▶ [TO DO] Print every entry word for word, but omit the pictures.

-- Opening Marker --

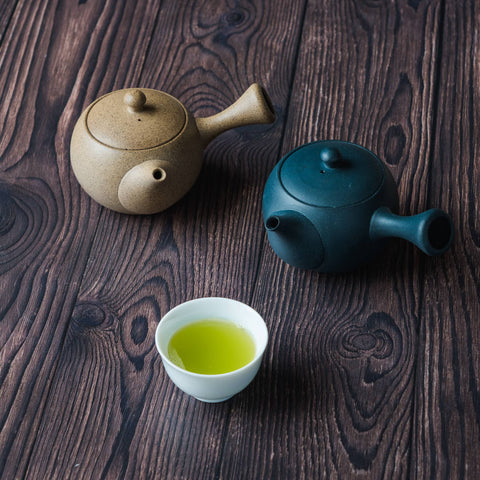A tan and a dark teal Japanese kyusu teapot beside a cup of brewed green tea on a dark wooden surface.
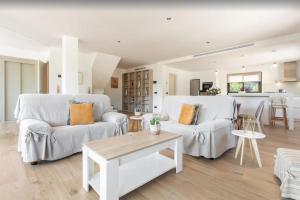 a living room with two white couches and a table at Villa Ona in Port de Soller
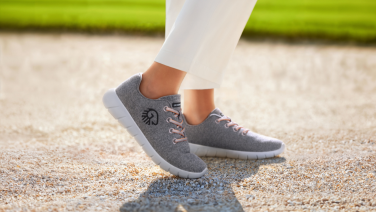 Vue latérale d'une personne en pantalon blanc et baskets Giesswein Merino grises sur un chemin de gravier à l'extérieur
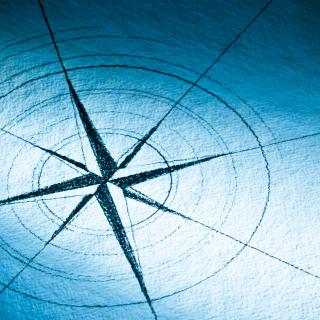 Hand-drawn compass rose on blue paper - Stock image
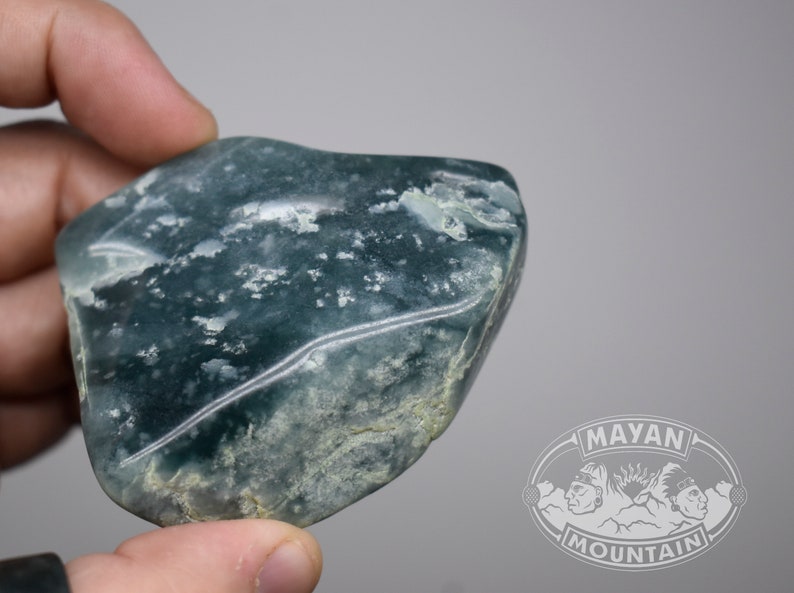 May include: A smooth, green and white jade stone with a mottled pattern. The stone is irregularly shaped and has a polished surface.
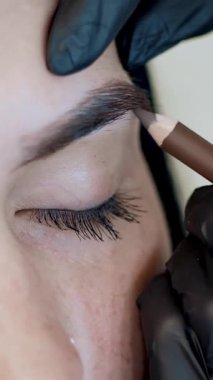 Kaş düzeltmesi. Yakın plan, kozmetik uzmanı, kaş yapıcı, siyah eldiven ustası, kaş boyası sürmeden önce kaş şeklini özel kalemle çiziyor. Kaşçının güzellik salonu..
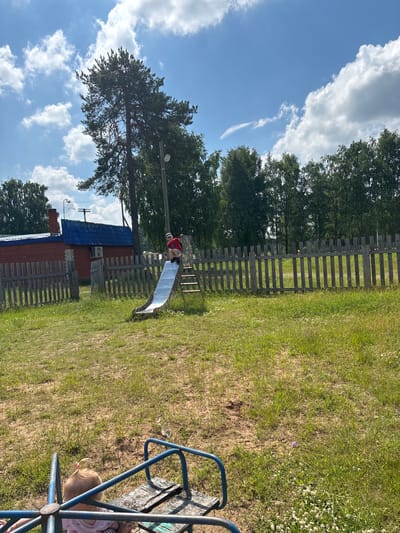 A child is sliding down a metal slide in a grassy yard. The child is wearing a red shirt and shorts, and a hat. The slide is on a playground structure with wooden steps. In the background, there is a wooden fence, a brick building with a blue roof, and trees. The sky is blue with white clouds. There is also a merry-go-round in the foreground, with a baby on it. The scene appears to be in a rural area, possibly a backyard or a small park. Based on the provided context, this scene is likely located in the city of Kurgan, Russia.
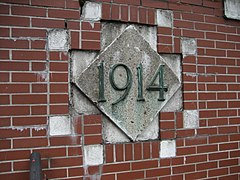 Tile on the tunnel's west portal marks year of opening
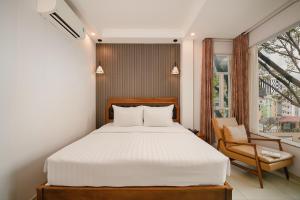 a bedroom with a bed and a chair and a window at Tuong Vy Ben Thanh Hotel - 40 Bui Thi Xuan in Ho Chi Minh City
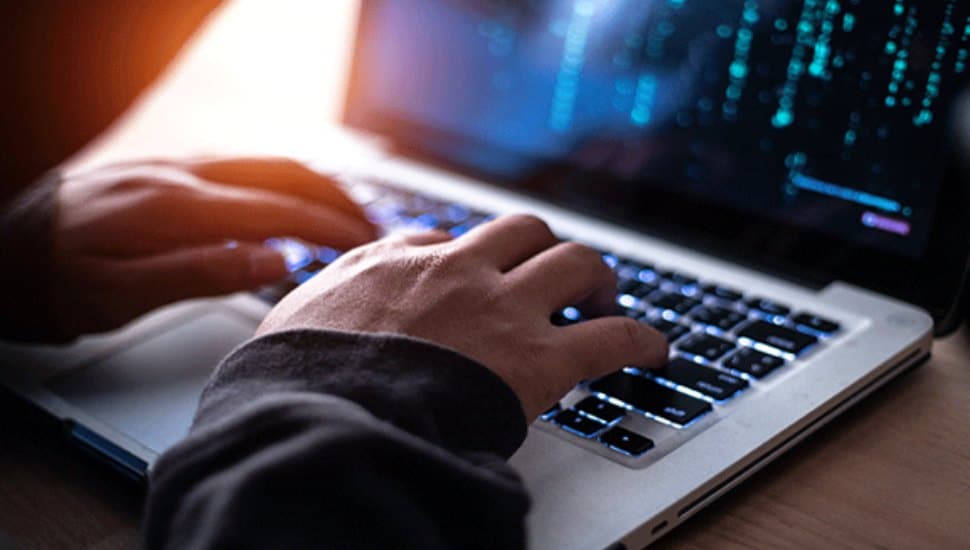 A close up of hands typing on a laptop.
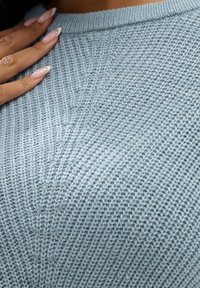 Suéter de punto azul claro con un patrón texturizado, cuello acanalado y vista en primer plano con los dedos descansando sobre la tela.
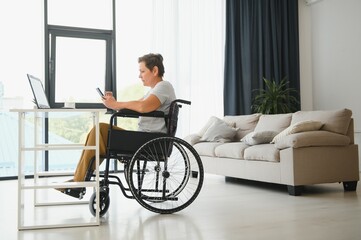 Poster - Positive elderly woman in wheelchair working on laptop, IT freelancer, online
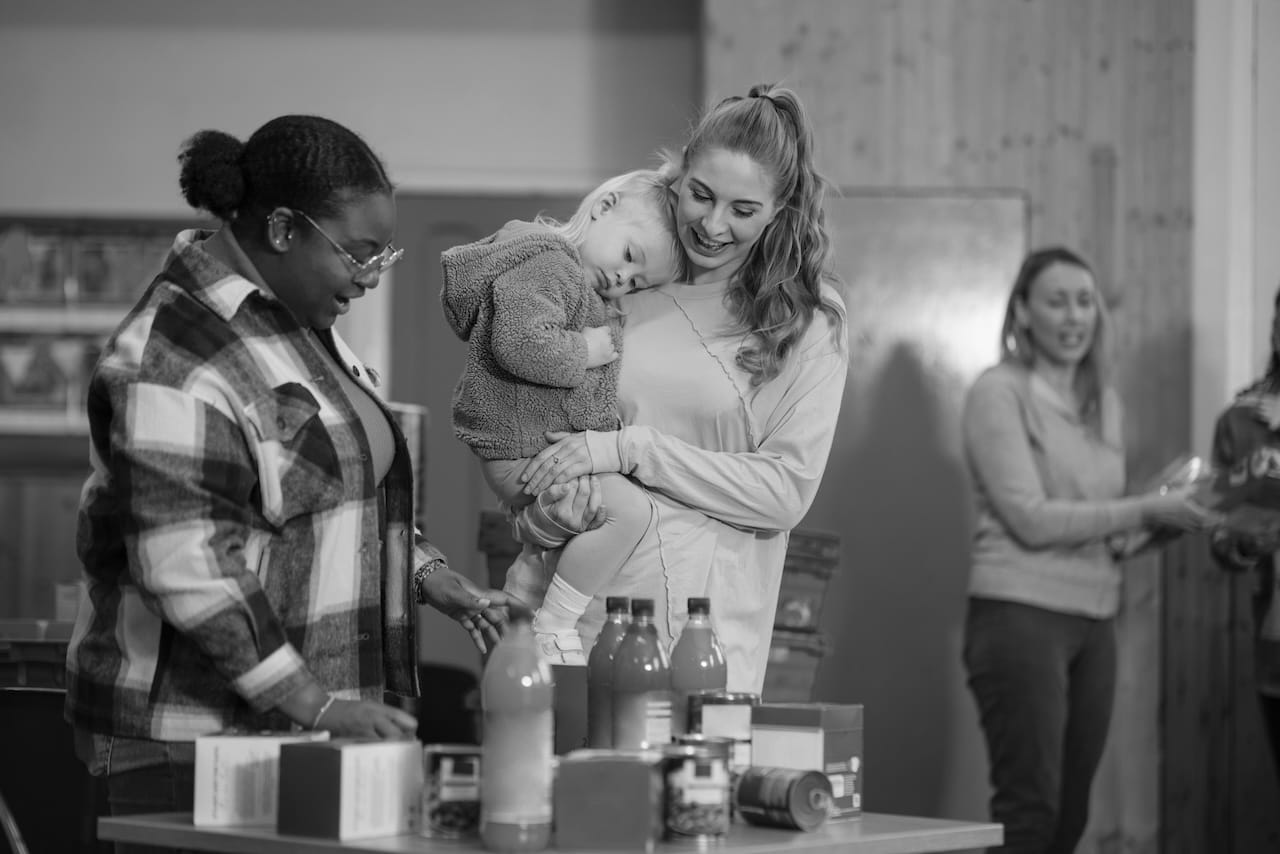 Two people look at a table with diluting juice, cans and tea. One is holding a forlorn looking small child and the other is looking enthusiastically at the juice.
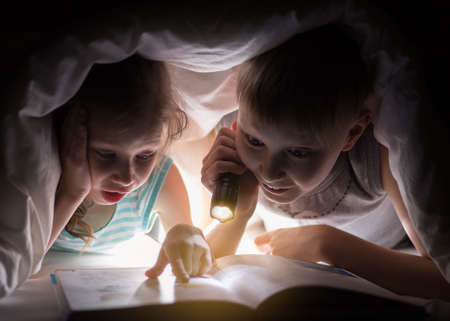 Children bedtime. Sister and brother are reading a book under a blanket with flashlight. Pretty young boy and lovely girl having fun in children room.の写真素材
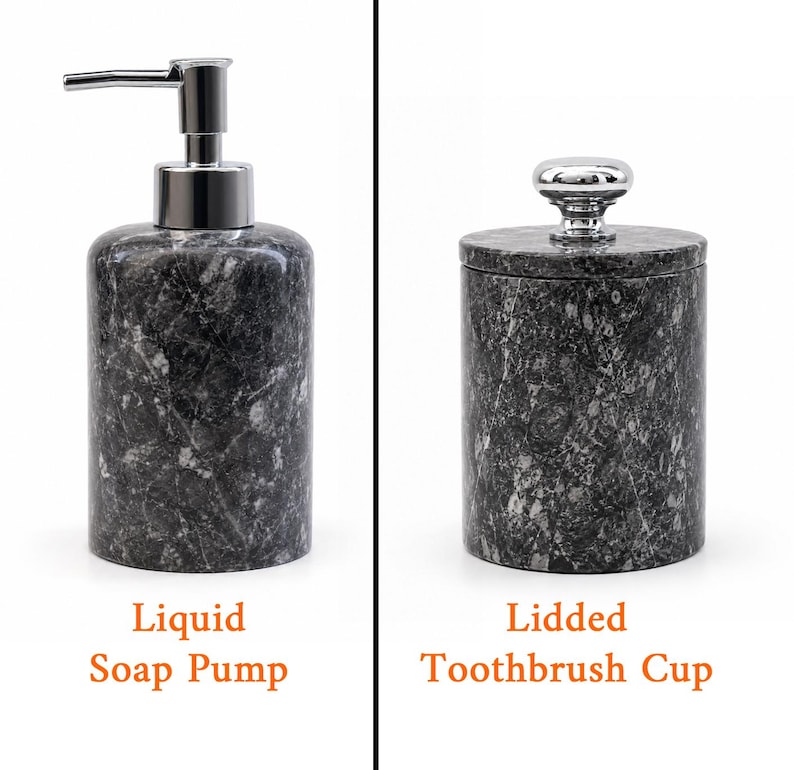May include: A dark gray marble liquid soap pump with a silver-toned metal dispenser and a matching lidded toothbrush cup featuring a silver-toned knob handle. Both cylindrical bathroom accessories display a natural stone pattern with white veining.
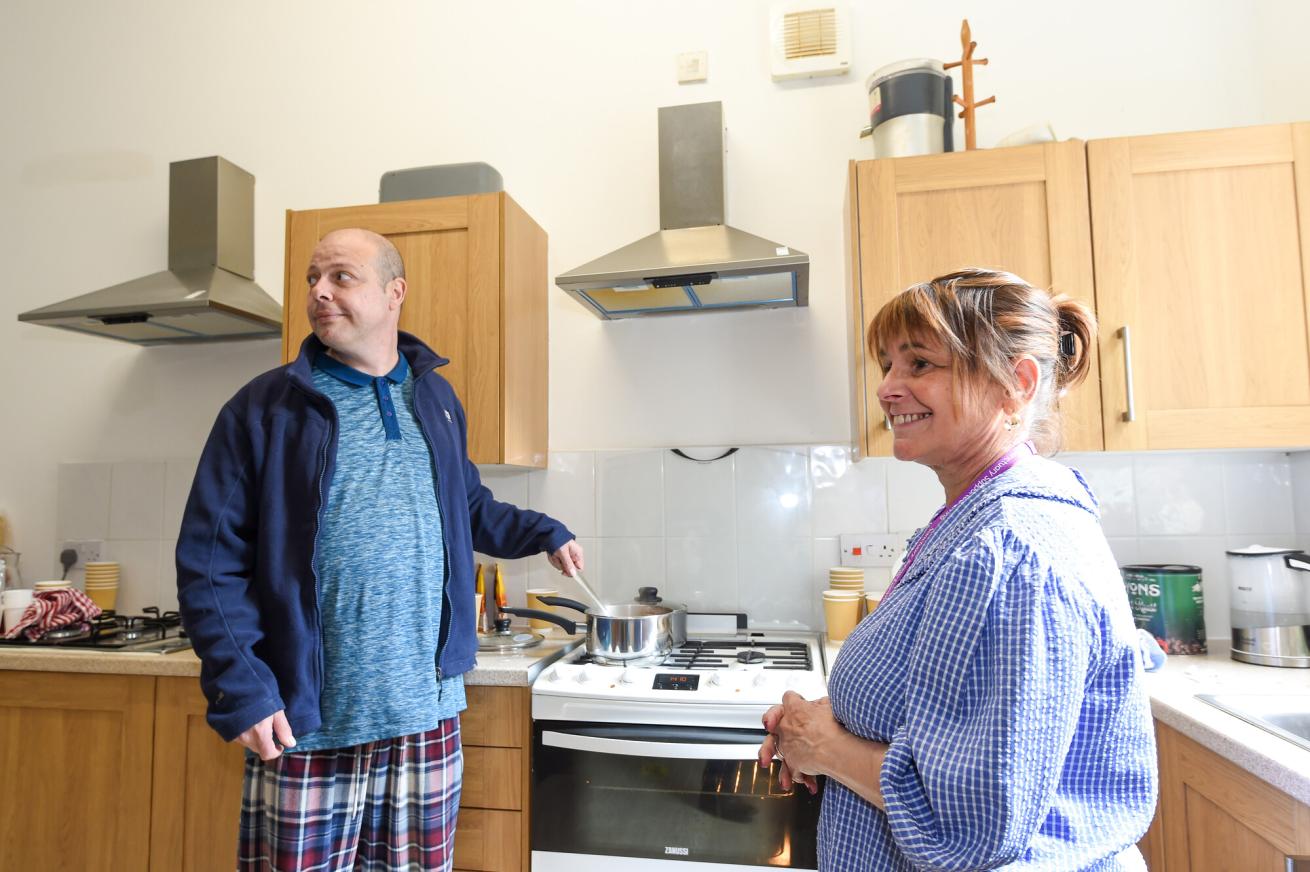 A man in a blue jacket and plaid pajama pants stands at a stove, stirring a pot. He looks to the side with a slight smile. A woman in a blue checkered shirt stands nearby, smiling back at him. The kitchen has wooden cabinets and modern appliances, with various kitchen items visible on the counter.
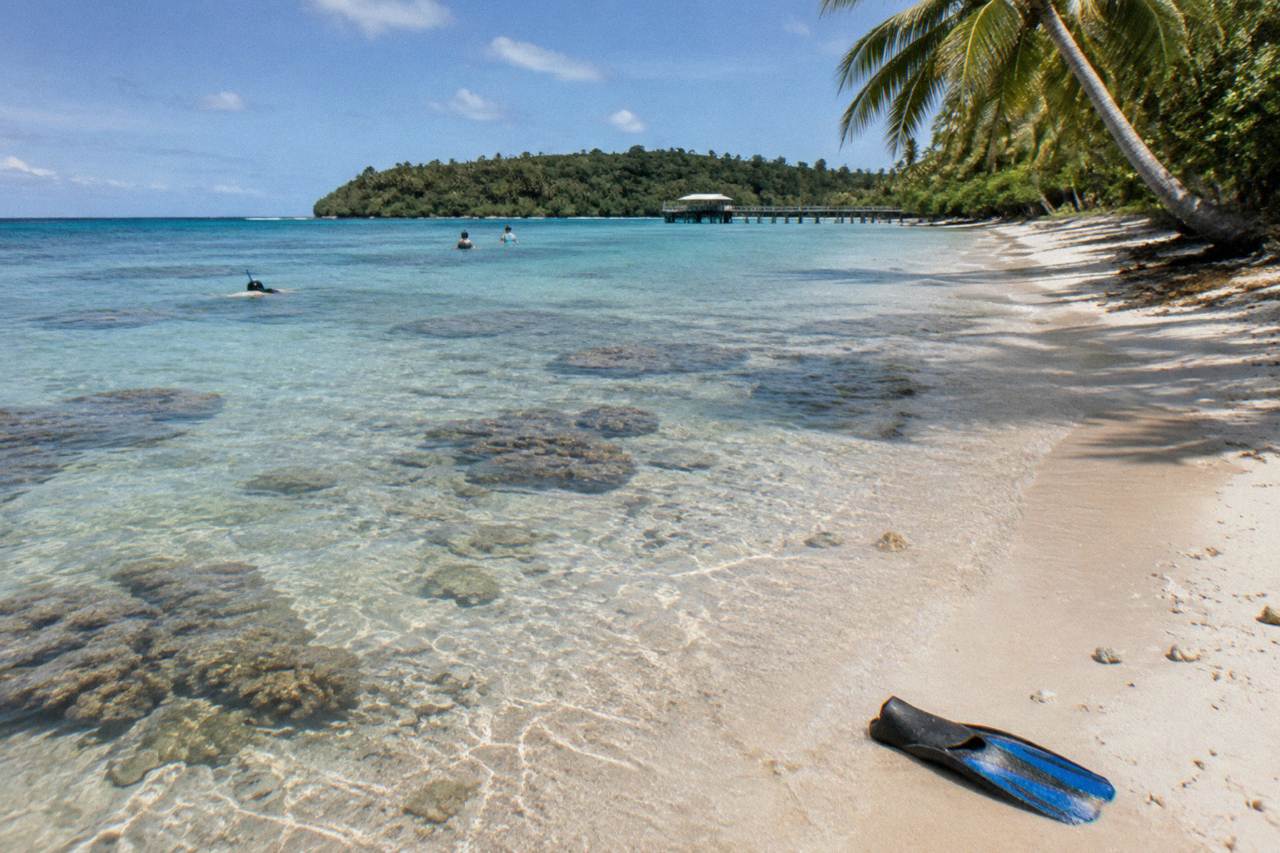 Calm turquoise water over a shallow coral reef beside a tropical island beach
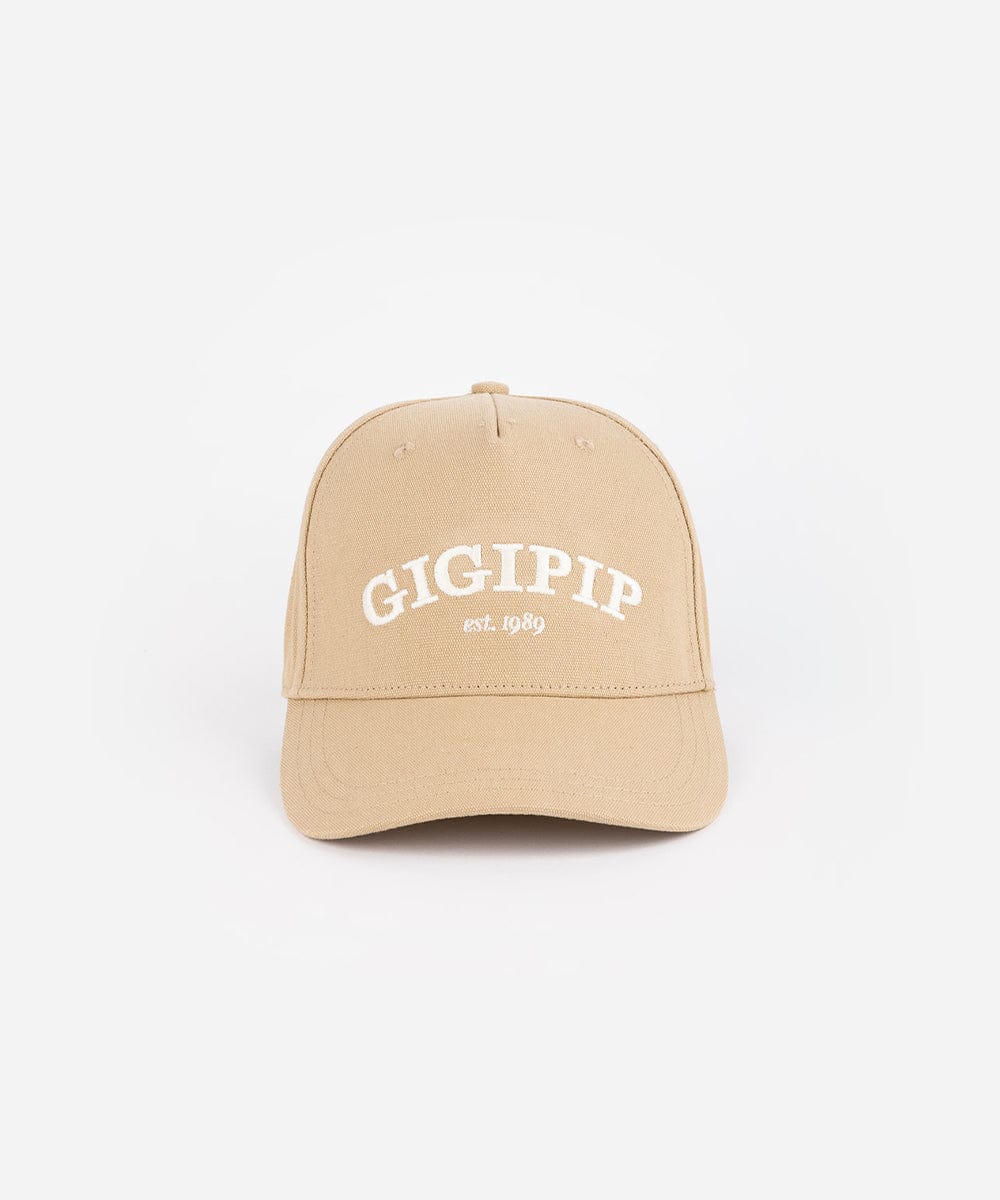 A tan trucker hat with 'GIGI PIP' embroidered in white on the front against a plain background #color_tan
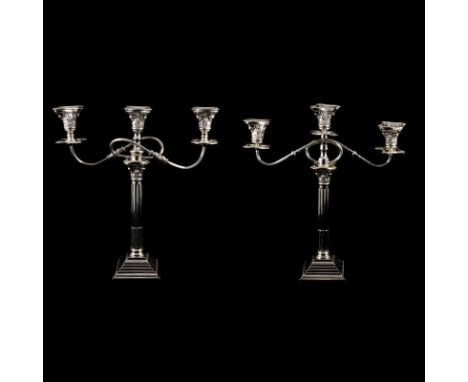 A matched pair of silver three-light candelabra, by, repectively, Britton, Gould &amp; Co, Birmingham 1930 &amp; William Adam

-- Closing Marker --

▶ [THE ANSWER]
A tan and a dark teal Japanese kyusu teapot beside a cup of brewed green tea on a dark wooden surface.
 a living room with two white couches and a table at Villa Ona in Port de Soller
 Vue latérale d'une personne en pantalon blanc et baskets Giesswein Merino grises sur un chemin de gravier à l'extérieur
 Hand-drawn compass rose on blue paper - Stock image
 May include: A smooth, green and white jade stone with a mottled pattern. The stone is irregularly shaped and has a polished surface.
 Kaş düzeltmesi. Yakın plan, kozmetik uzmanı, kaş yapıcı, siyah eldiven ustası, kaş boyası sürmeden önce kaş şeklini özel kalemle çiziyor. Kaşçının güzellik salonu..
 A child is sliding down a metal slide in a grassy yard. The child is wearing a red shirt and shorts, and a hat. The slide is on a playground structure with wooden steps. In the background, there is a wooden fence, a brick building with a blue roof, and trees. The sky is blue with white clouds. There is also a merry-go-round in the foreground, with a baby on it. The scene appears to be in a rural area, possibly a backyard or a small park. Based on the provided context, this scene is likely located in the city of Kurgan, Russia.
 Tile on the tunnel's west portal marks year of opening
 a bedroom with a bed and a chair and a window at Tuong Vy Ben Thanh Hotel - 40 Bui Thi Xuan in Ho Chi Minh City
 A close up of hands typing on a laptop.
 Suéter de punto azul claro con un patrón texturizado, cuello acanalado y vista en primer plano con los dedos descansando sobre la tela.
 Poster - Positive elderly woman in wheelchair working on laptop, IT freelancer, online
 Two people look at a table with diluting juice, cans and tea. One is holding a forlorn looking small child and the other is looking enthusiastically at the juice.
 Children bedtime. Sister and brother are reading a book under a blanket with flashlight. Pretty young boy and lovely girl having fun in children room.の写真素材
May include: A dark gray marble liquid soap pump with a silver-toned metal dispenser and a matching lidded toothbrush cup featuring a silver-toned knob handle. Both cylindrical bathroom accessories display a natural stone pattern with white veining.
 A man in a blue jacket and plaid pajama pants stands at a stove, stirring a pot. He looks to the side with a slight smile. A woman in a blue checkered shirt stands nearby, smiling back at him. The kitchen has wooden cabinets and modern appliances, with various kitchen items visible on the counter.
 Calm turquoise water over a shallow coral reef beside a tropical island beach
 A tan trucker hat with 'GIGI PIP' embroidered in white on the front against a plain background #color_tan
 A matched pair of silver three-light candelabra, by, repectively, Britton, Gould &amp; Co, Birmingham 1930 &amp; William Adam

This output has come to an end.